Oscar Wilde set this play in his own time. His many references to particular political situations (the Suez Canal, Women's Liberal Association) made the play up-to-the-minute for his audience. A few years later you would probably have to look up the names to know what Wilde means.
What's important is this: it's turn of the century England; Queen Victoria is on the throne and London is seen as the center of the universe. England is getting rich off its colonies. Power and prestige in London mean international power and prestige. We can see the scope of Sir Robert's influence – and how the focus of his attentions shifts – by looking closely at the settings throughout the play.

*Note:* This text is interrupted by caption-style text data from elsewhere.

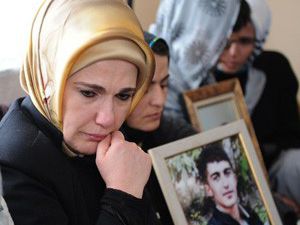 Emine Erdoğan Uludereyi ziyaret etti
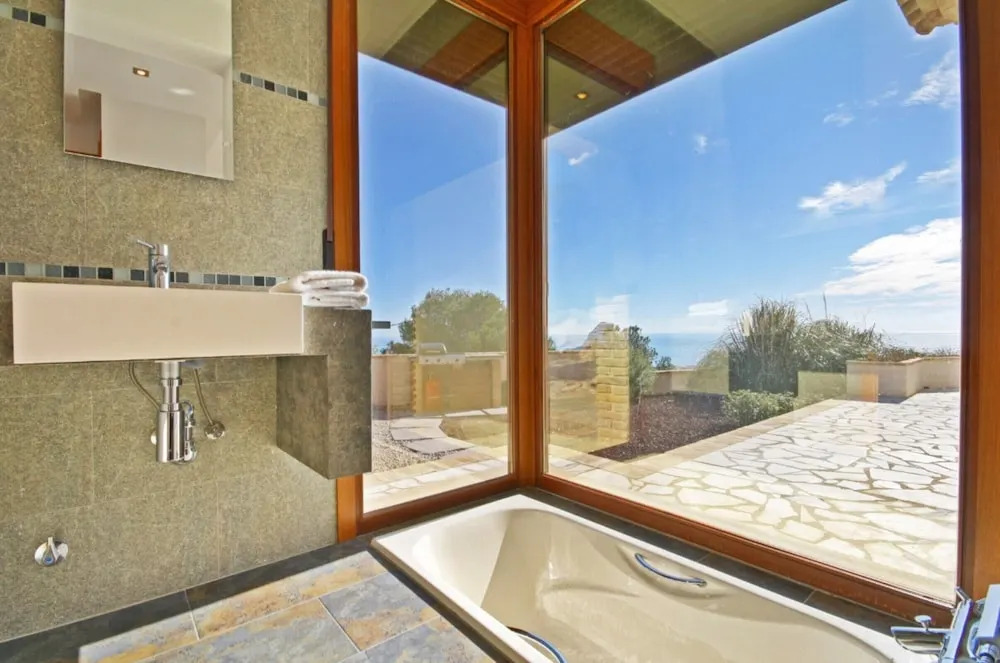 Villa - 4 Bedrooms with Pool, WiFi and Sea views - 104976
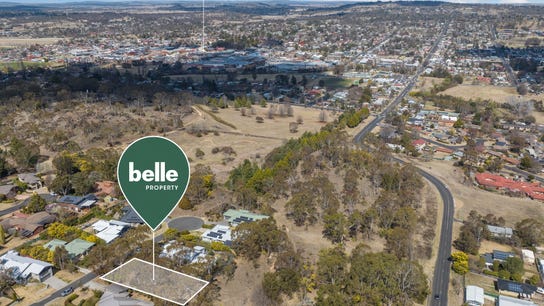 Property at 10 Illallangi Close, Armidale, NSW 2350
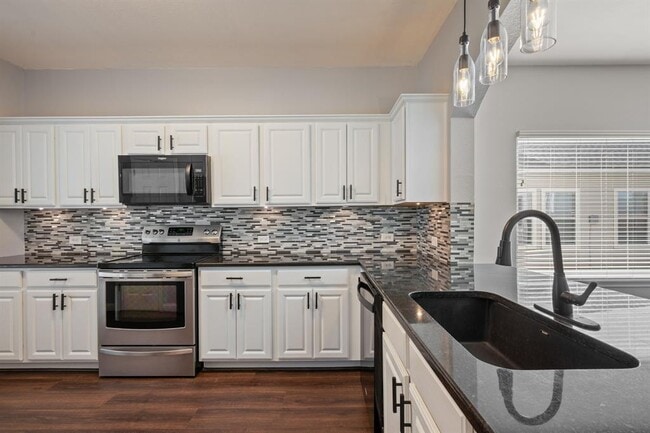 Building Photo - 11814 Bastrop St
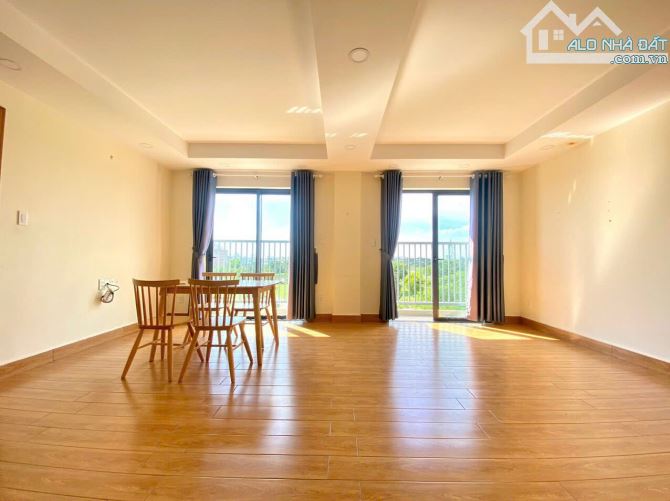Chỉ từ 9 tr - Căn hộ 2 phòng ban công gần 60m2 - Thang máy - Ngã tư Nguyễn Xí, cầu Đỏ - 1
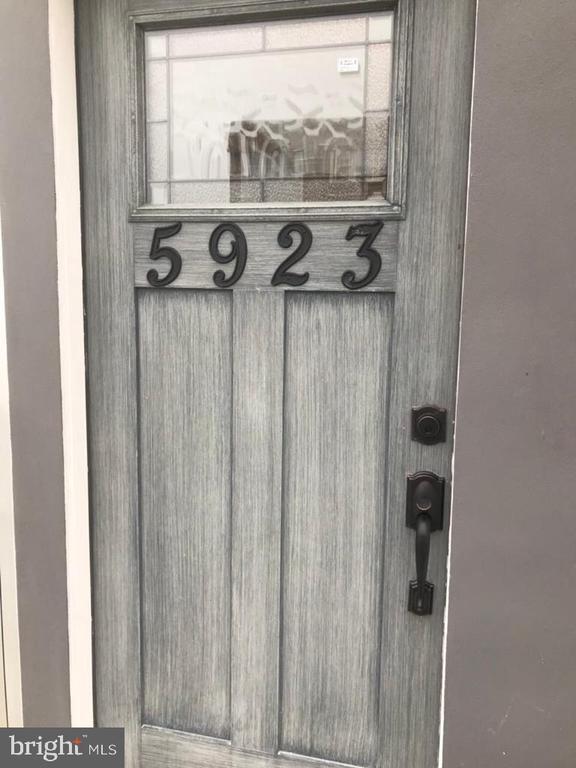 Building Photo - 5923 N Broad St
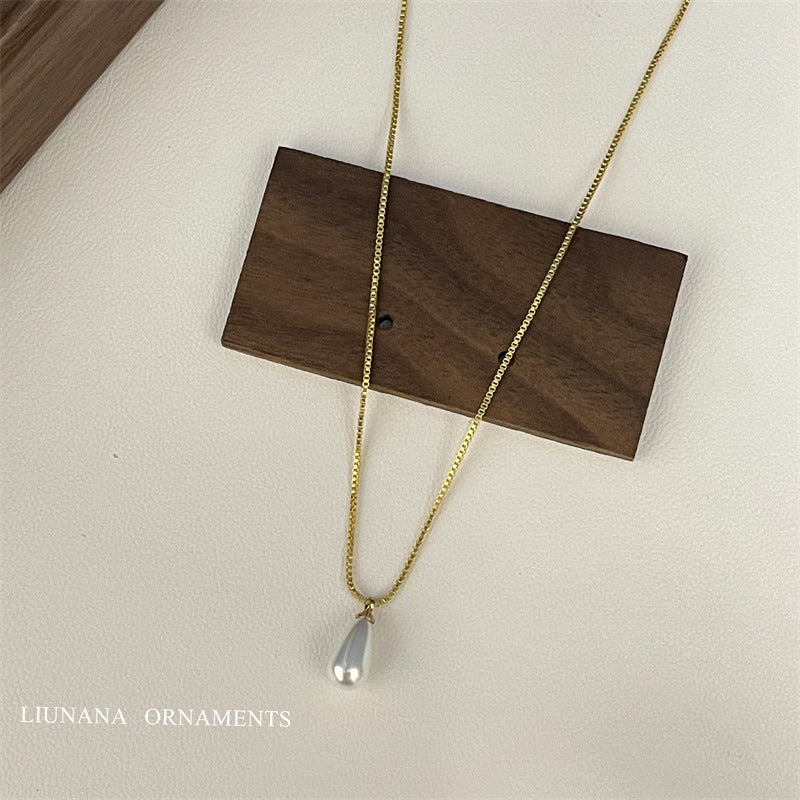 Women's Cold Style Water Drop Pendant Temperament Wild Niche Gold Necklaces
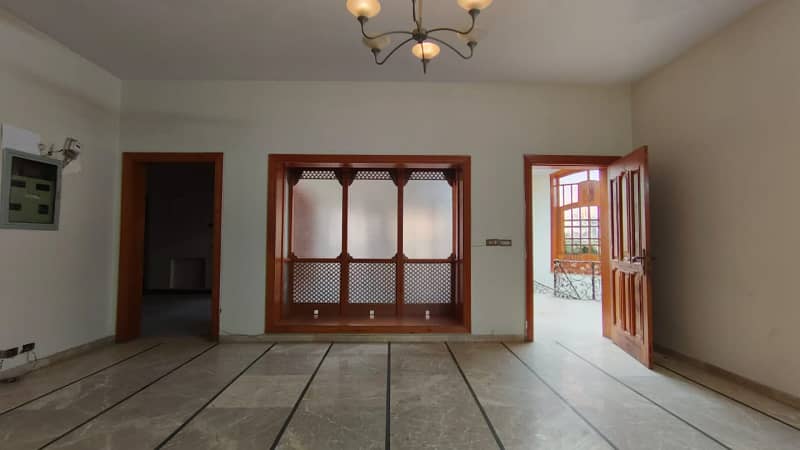 1 Kanal Upper Portion For Rent In DHA Phase 2 3 Bed + Separate Entrance! 0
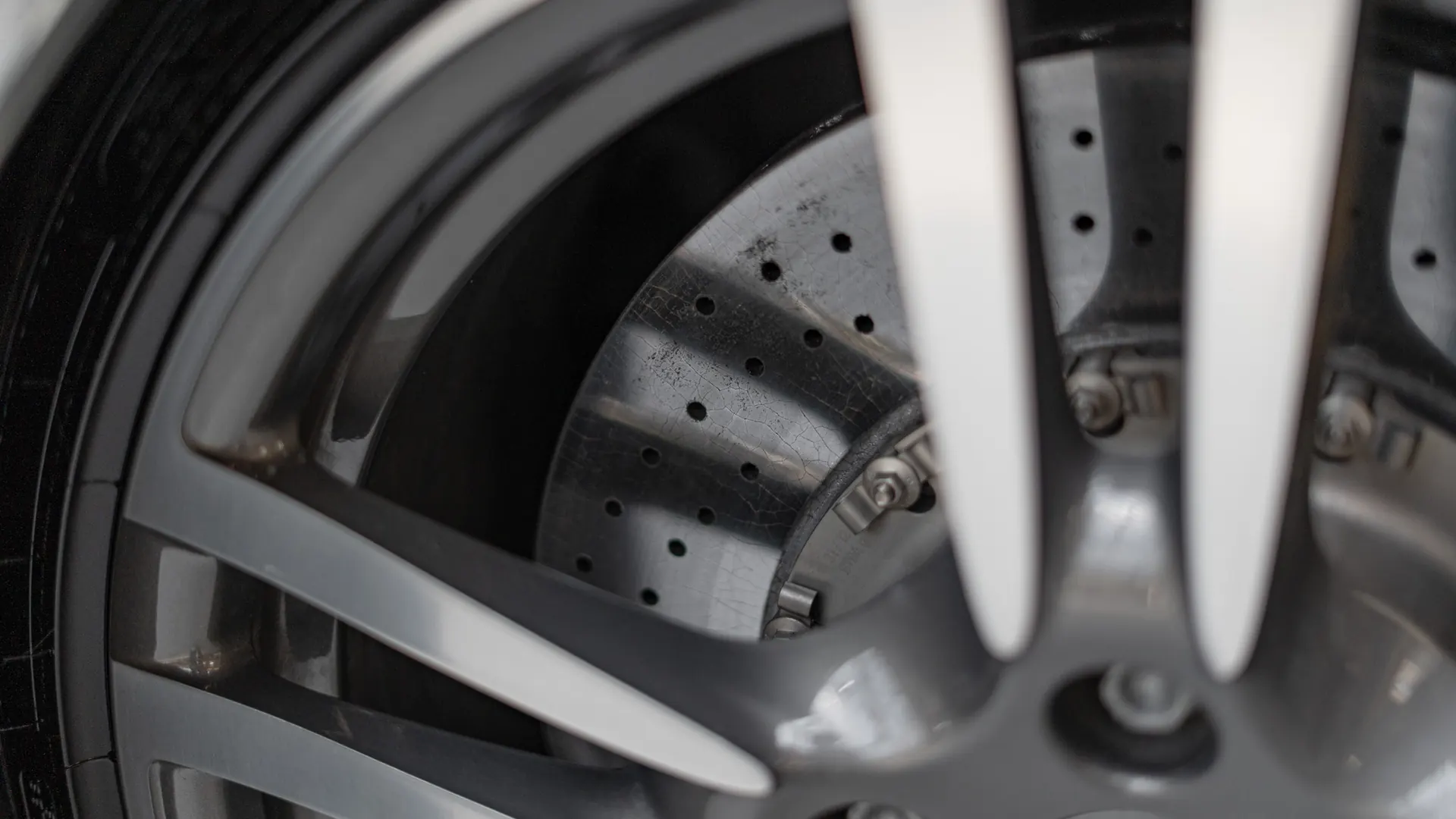 Porsche 911 — photo 34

We start in fashionable Grosvenor Square at a sparkling party full of international movers and shakers and the women who love them. Chandeliers, tapestry, and chamber music complete the picture. The Chilterns are wealthy and classy. The guests are on their best behavior. (If you want to party like a good Victorian, check out "Etiquette for the Ballroom," 1880.) Setting the first scene in such a public arena – even including characters who won't be seen for the next three acts – establishes Sir Robert's reputation and raises the stakes for his struggle.
The settings transition from this public arena to more private ones throughout the play – Sir Robert's morning room and Lord Goring's library. This transition echoes Sir Robert's conflict, and his willingness to sacrifice his career for his wife, if he must.
The morning room is a comfortable room with a fireplace and armchair. It's an appropriate venue for receiving less-intimate friends like Lady Markby and Mrs. Cheveley. Most of the philosophical debates happen in this room. It's where the hard work of changing minds happens, on the turf of our two serious characters, Sir Robert and Lady Chiltern.
Hard work of another kind happens at Lord Goring's place. Once we see three doors leading into the library, we know we're in for some fun hijinks. A staple of farce, multiple entrances create the kind of misunderstandings and missed connections that keep audiences laughing and plot resolutions up in the air. Once Lord Caversham, Mrs. Cheveley, and Lord Caversham are all tucked into the various pockets of this one small area, Lord Goring is motivated to think fast. He's the kind of guy who does well under pressure.
The last act returns us to Sir Robert's morning room, where everything is tied up in a neat comedic bow. The last moment of the play is its most intimate one. In the same spot where they fought bitterly over Sir Robert's past, he and Lady Chiltern are left alone to reconcile. Gentle with him now, Lady Chiltern remarks that "For both of us a new life is beginning" (4.297).